PROBLEM => An image-free reproduction of the data below is needed: print it exactly.

Data items:
•••••
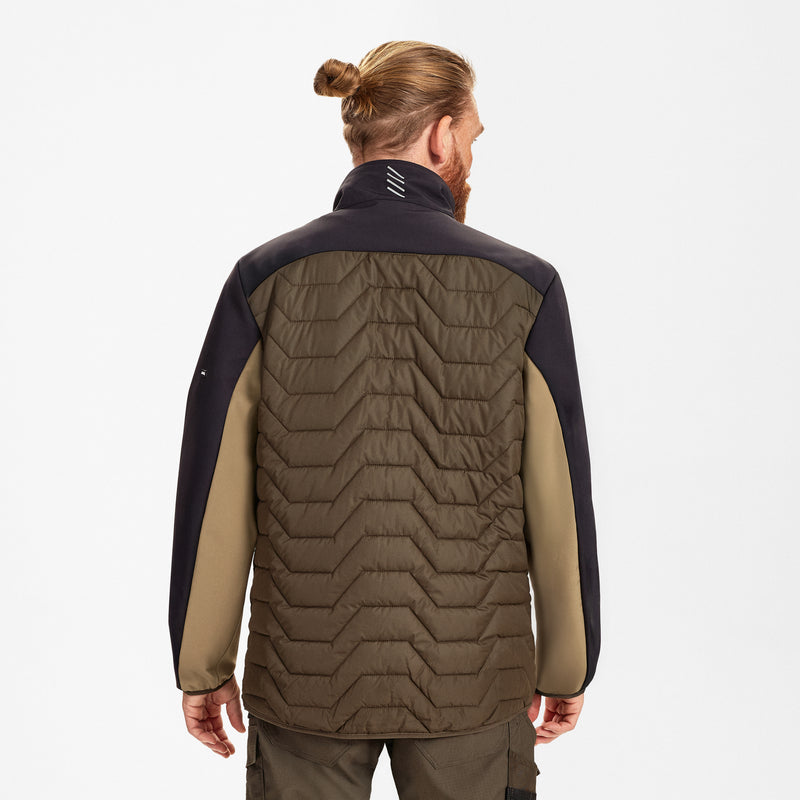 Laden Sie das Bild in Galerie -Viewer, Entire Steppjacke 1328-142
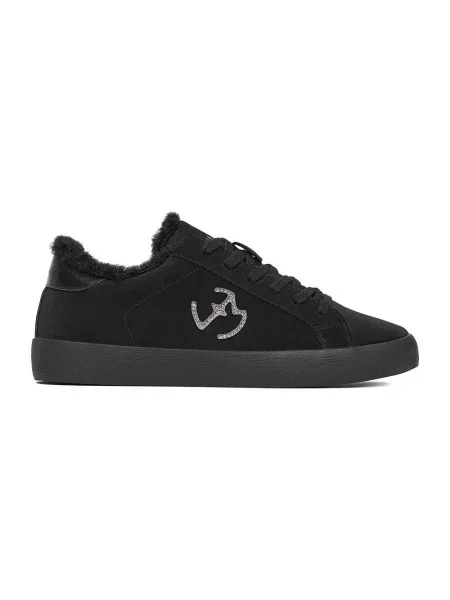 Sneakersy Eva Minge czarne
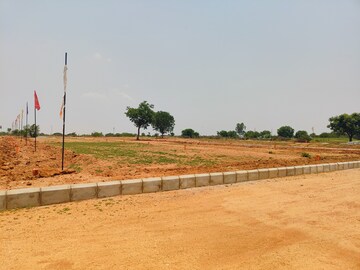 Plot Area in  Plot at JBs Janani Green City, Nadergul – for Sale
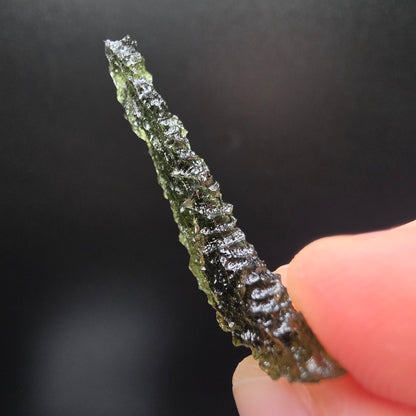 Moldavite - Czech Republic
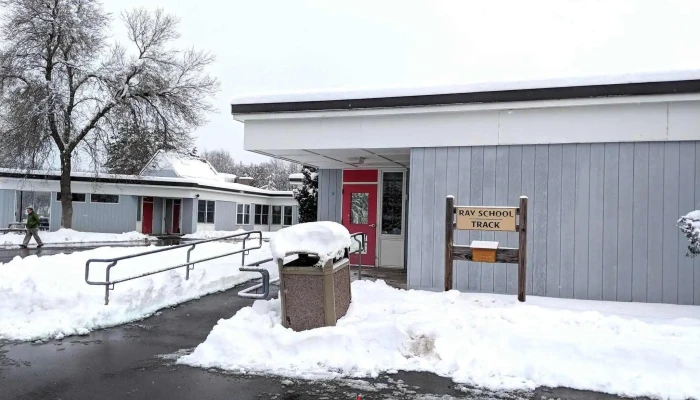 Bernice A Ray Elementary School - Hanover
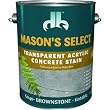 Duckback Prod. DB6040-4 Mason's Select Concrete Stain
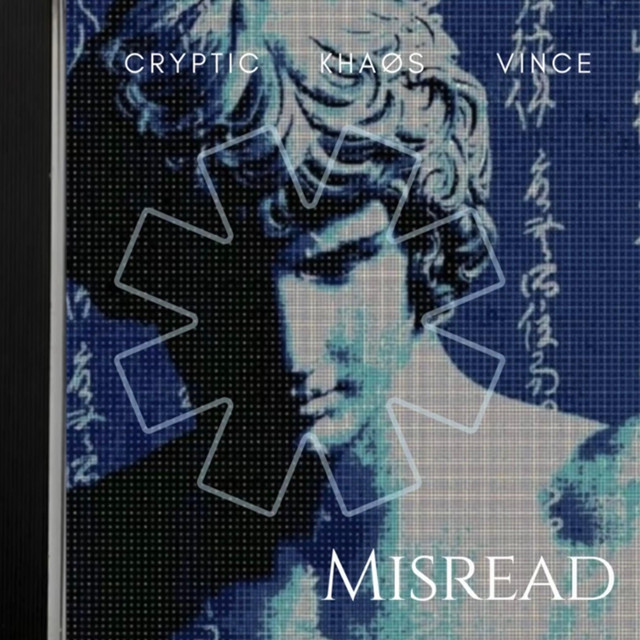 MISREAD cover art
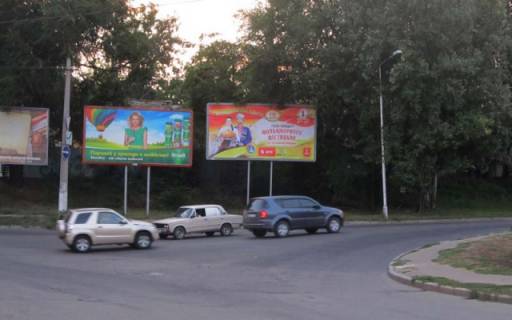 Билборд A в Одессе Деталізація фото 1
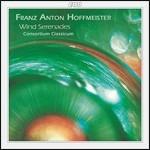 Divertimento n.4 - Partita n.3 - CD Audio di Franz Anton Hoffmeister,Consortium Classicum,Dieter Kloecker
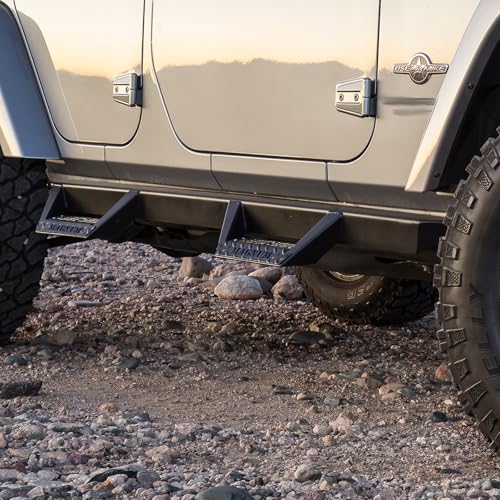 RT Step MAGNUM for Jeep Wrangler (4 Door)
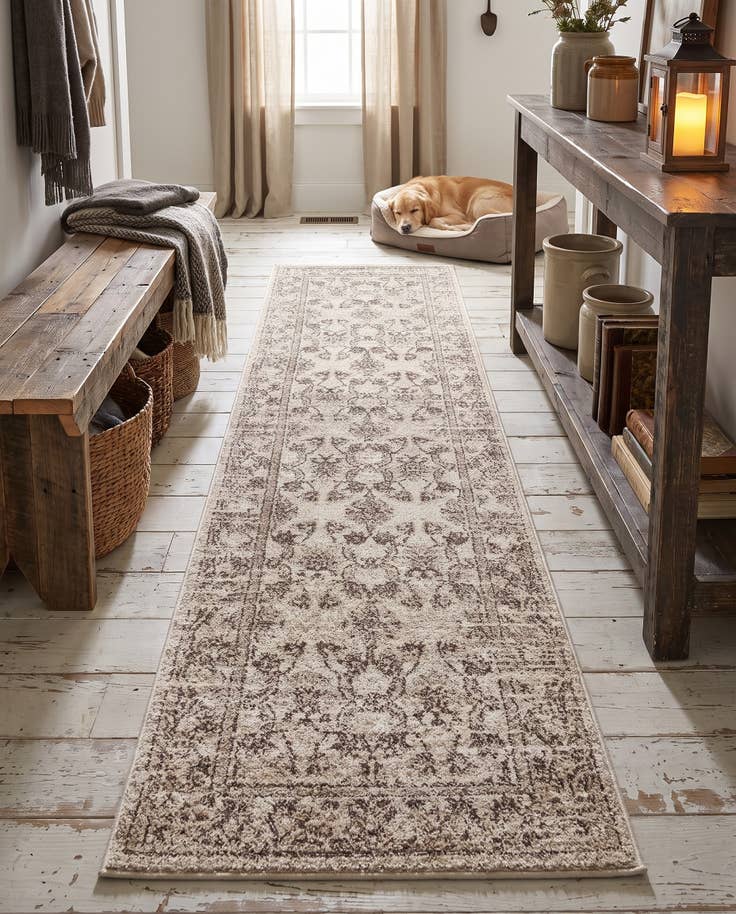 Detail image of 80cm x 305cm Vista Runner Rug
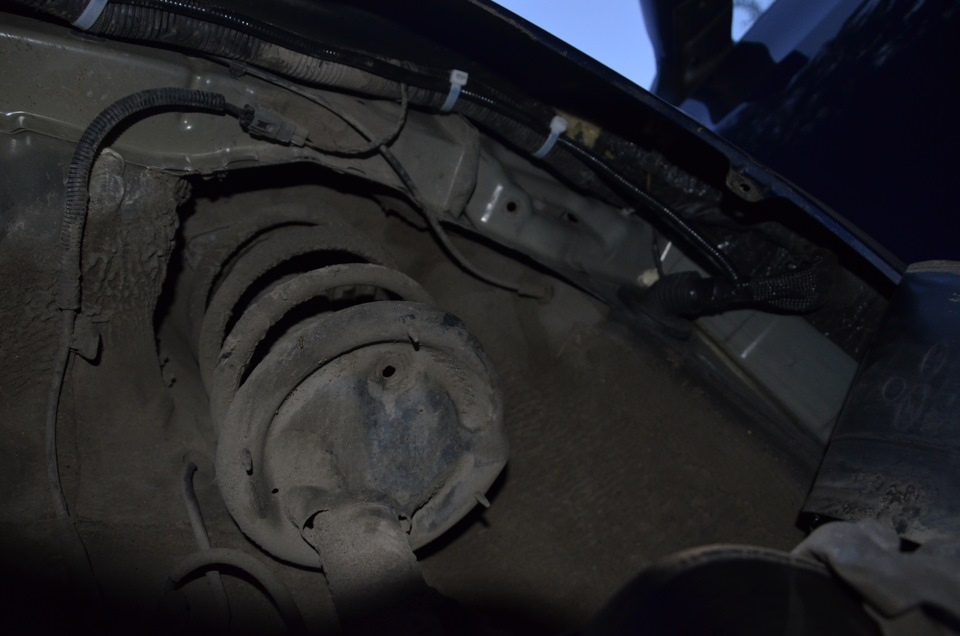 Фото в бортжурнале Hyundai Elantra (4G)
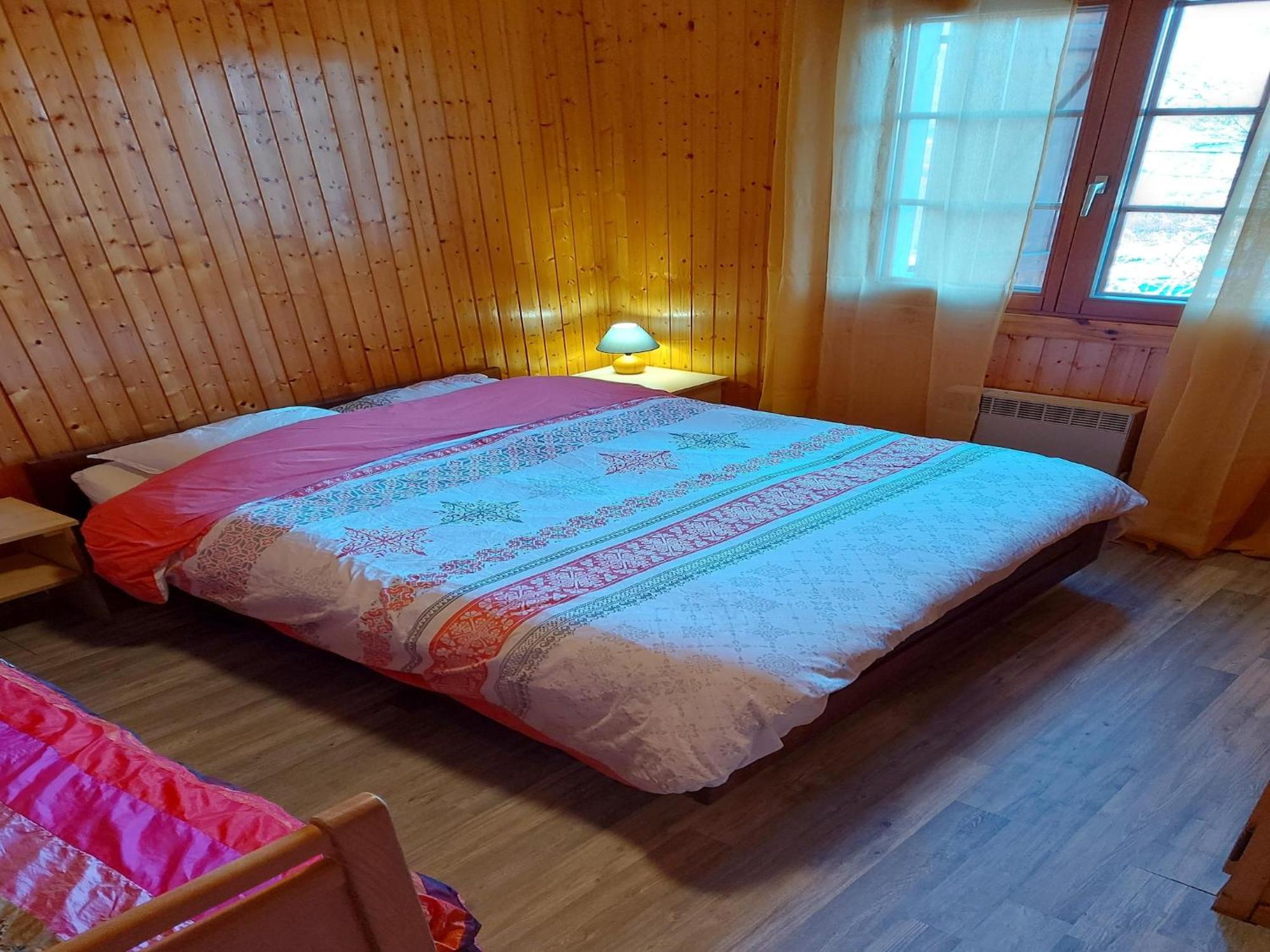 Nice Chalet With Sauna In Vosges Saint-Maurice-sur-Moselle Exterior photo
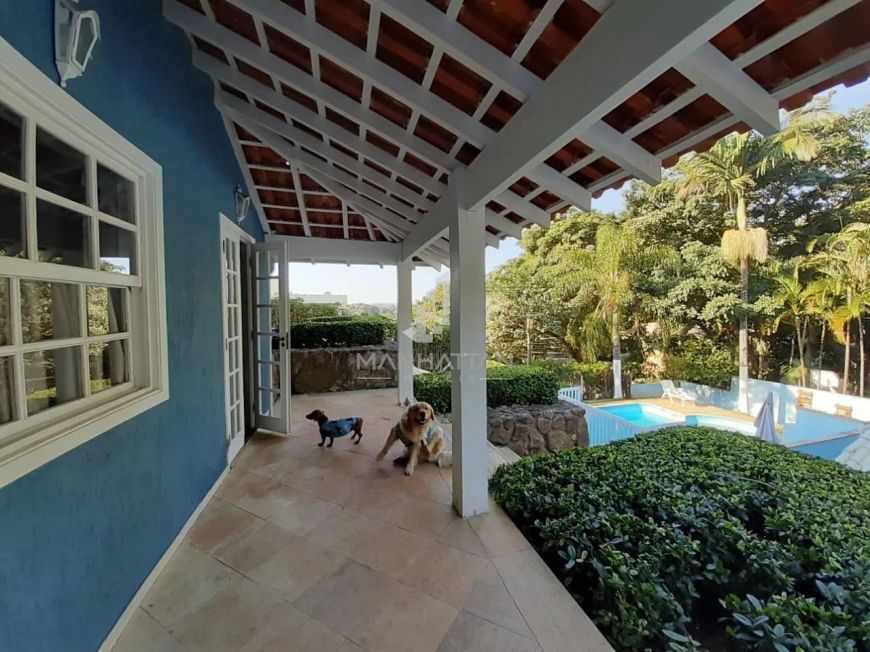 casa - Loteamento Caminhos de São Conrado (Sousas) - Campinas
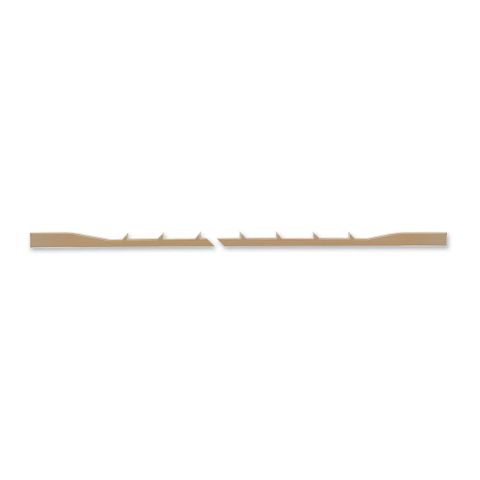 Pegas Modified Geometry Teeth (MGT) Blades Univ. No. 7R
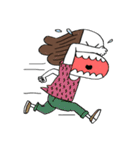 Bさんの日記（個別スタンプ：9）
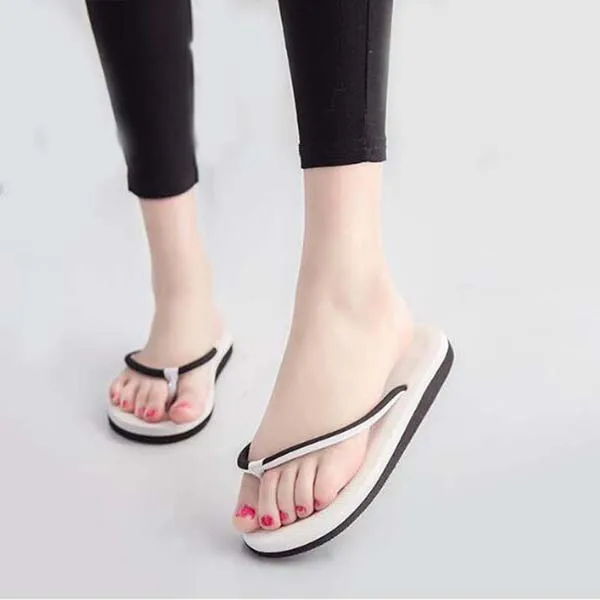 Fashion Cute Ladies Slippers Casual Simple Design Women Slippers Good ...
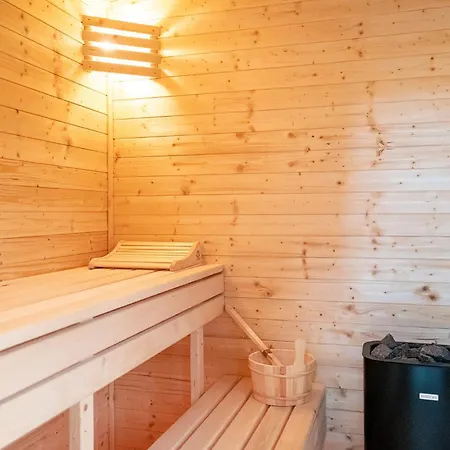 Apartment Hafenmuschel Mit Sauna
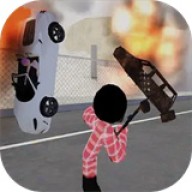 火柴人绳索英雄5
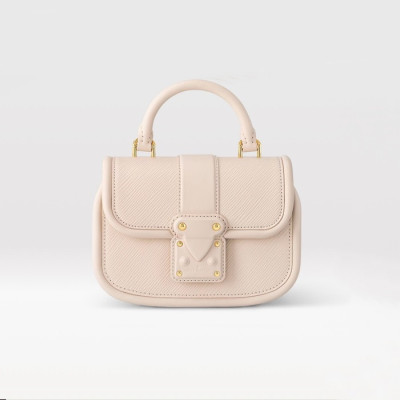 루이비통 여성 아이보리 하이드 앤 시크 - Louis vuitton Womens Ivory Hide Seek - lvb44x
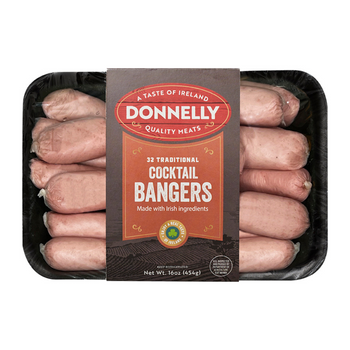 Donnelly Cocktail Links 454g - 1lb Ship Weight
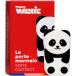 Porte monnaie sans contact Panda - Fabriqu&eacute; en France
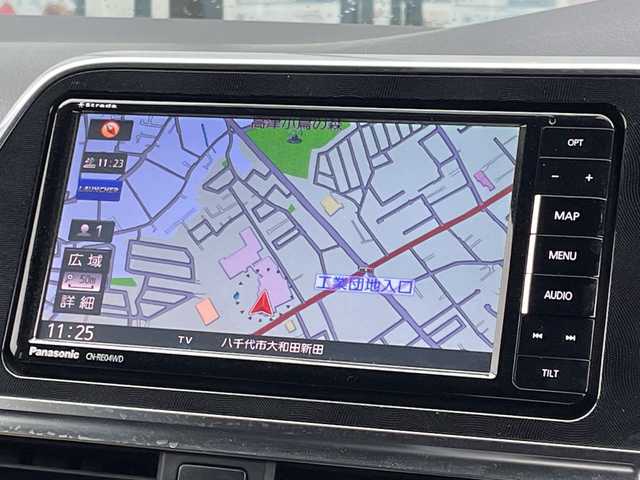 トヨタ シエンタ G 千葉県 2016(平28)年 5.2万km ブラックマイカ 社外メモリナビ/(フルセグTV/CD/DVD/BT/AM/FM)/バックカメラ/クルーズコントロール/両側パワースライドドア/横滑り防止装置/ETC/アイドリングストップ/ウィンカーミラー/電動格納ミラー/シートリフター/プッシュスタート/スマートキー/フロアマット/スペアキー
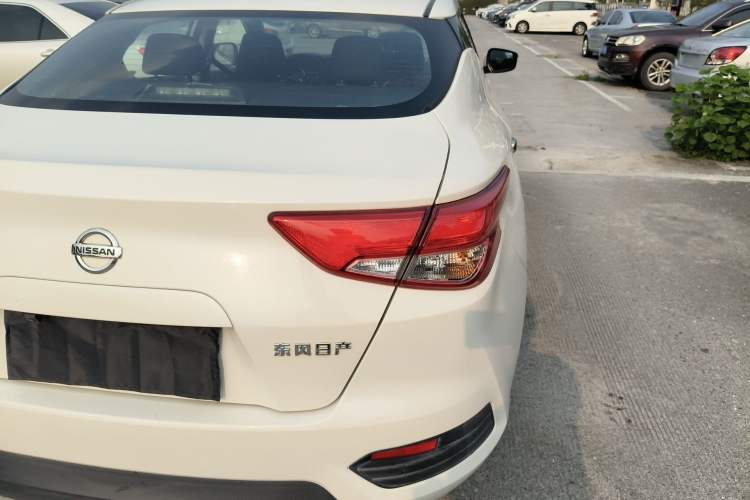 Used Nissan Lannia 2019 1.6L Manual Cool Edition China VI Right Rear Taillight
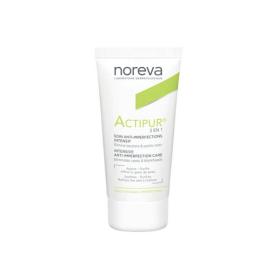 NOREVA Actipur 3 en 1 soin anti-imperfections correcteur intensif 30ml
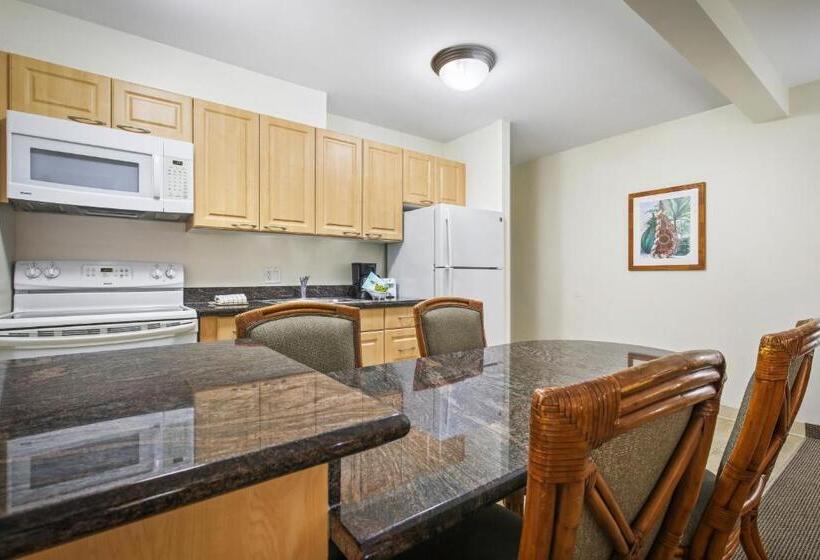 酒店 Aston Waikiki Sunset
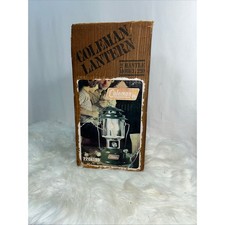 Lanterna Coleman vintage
•••••
THE ANSWER =>
 Laden Sie das Bild in Galerie -Viewer, Entire Steppjacke 1328-142
 Sneakersy Eva Minge czarne
 Plot Area in  Plot at JBs Janani Green City, Nadergul – for Sale
 Moldavite - Czech Republic
 Bernice A Ray Elementary School - Hanover
 Duckback Prod. DB6040-4 Mason's Select Concrete Stain
 MISREAD cover art
 Билборд A в Одессе Деталізація фото 1
 Divertimento n.4 - Partita n.3 - CD Audio di Franz Anton Hoffmeister,Consortium Classicum,Dieter Kloecker
 RT Step MAGNUM for Jeep Wrangler (4 Door)
 Detail image of 80cm x 305cm Vista Runner Rug
 Фото в бортжурнале Hyundai Elantra (4G)
 Nice Chalet With Sauna In Vosges Saint-Maurice-sur-Moselle Exterior photo
 casa - Loteamento Caminhos de São Conrado (Sousas) - Campinas
 Pegas Modified Geometry Teeth (MGT) Blades Univ. No. 7R
 Bさんの日記（個別スタンプ：9）
 Fashion Cute Ladies Slippers Casual Simple Design Women Slippers Good ...
 Apartment Hafenmuschel Mit Sauna
 火柴人绳索英雄5
 루이비통 여성 아이보리 하이드 앤 시크 - Louis vuitton Womens Ivory Hide Seek - lvb44x
 Donnelly Cocktail Links 454g - 1lb Ship Weight
 Porte monnaie sans contact Panda - Fabriqu&eacute; en France
 トヨタ シエンタ G 千葉県 2016(平28)年 5.2万km ブラックマイカ 社外メモリナビ/(フルセグTV/CD/DVD/BT/AM/FM)/バックカメラ/クルーズコントロール/両側パワースライドドア/横滑り防止装置/ETC/アイドリングストップ/ウィンカーミラー/電動格納ミラー/シートリフター/プッシュスタート/スマートキー/フロアマット/スペアキー
 Used Nissan Lannia 2019 1.6L Manual Cool Edition China VI Right Rear Taillight
 NOREVA Actipur 3 en 1 soin anti-imperfections correcteur intensif 30ml
 酒店 Aston Waikiki Sunset
 Lanterna Coleman vintage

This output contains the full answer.